__Listed records__
# # # #

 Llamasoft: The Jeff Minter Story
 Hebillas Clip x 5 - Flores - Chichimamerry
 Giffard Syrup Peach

# # # #

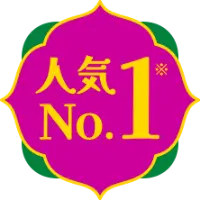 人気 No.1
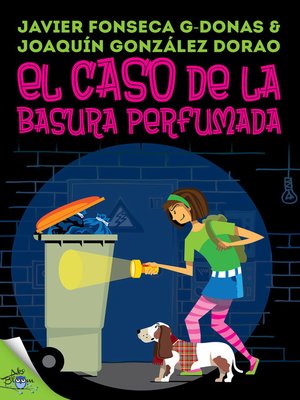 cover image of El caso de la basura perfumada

# # # #

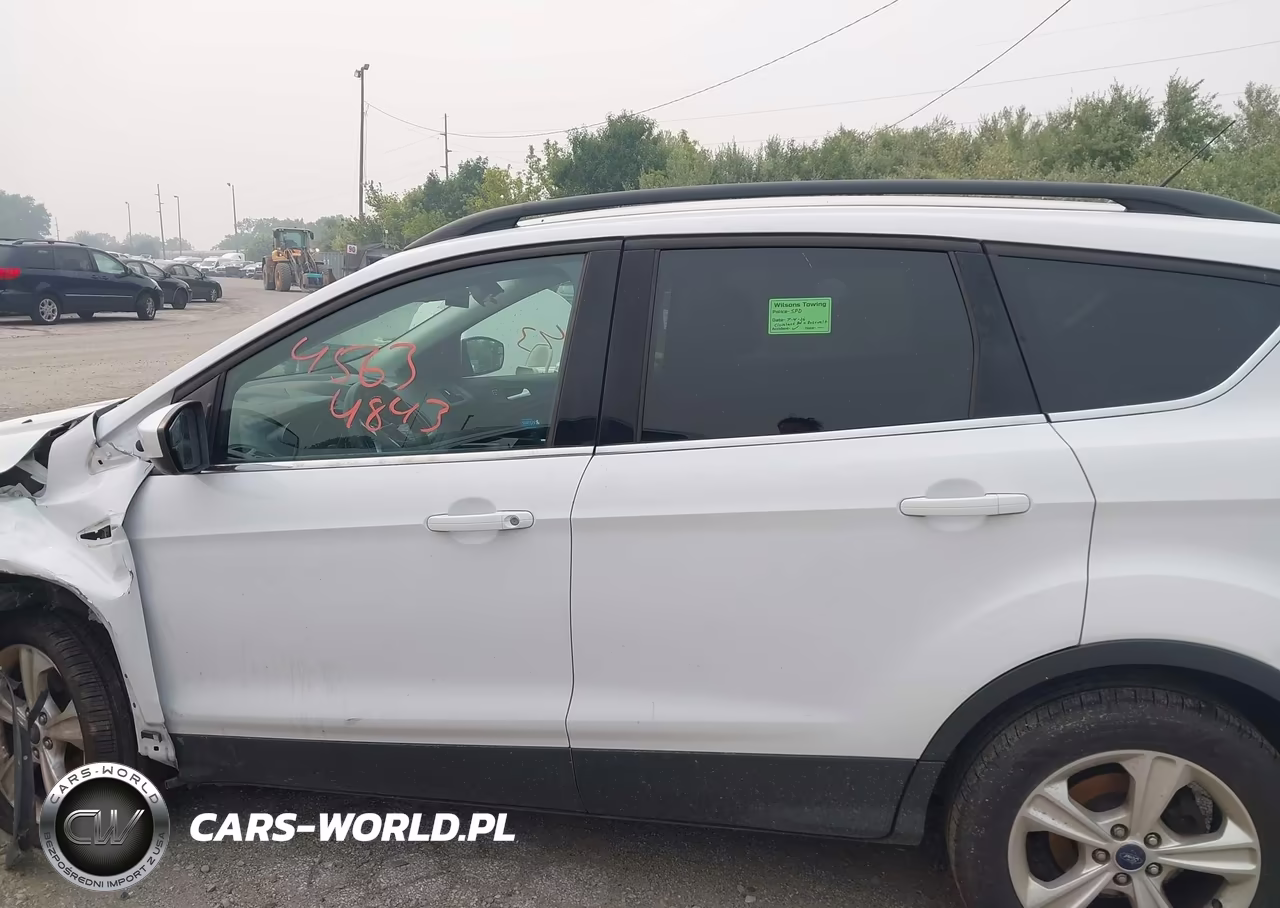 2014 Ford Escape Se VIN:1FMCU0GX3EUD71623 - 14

# # # #

__Assignment__
From the records above, quote only the lines running from the line with "Llamasoft: The Jeff Minter Story" to the line with "Giffard Syrup Peach", both lines included.

__Response area__
 Llamasoft: The Jeff Minter Story
 Hebillas Clip x 5 - Flores - Chichimamerry
 Giffard Syrup Peach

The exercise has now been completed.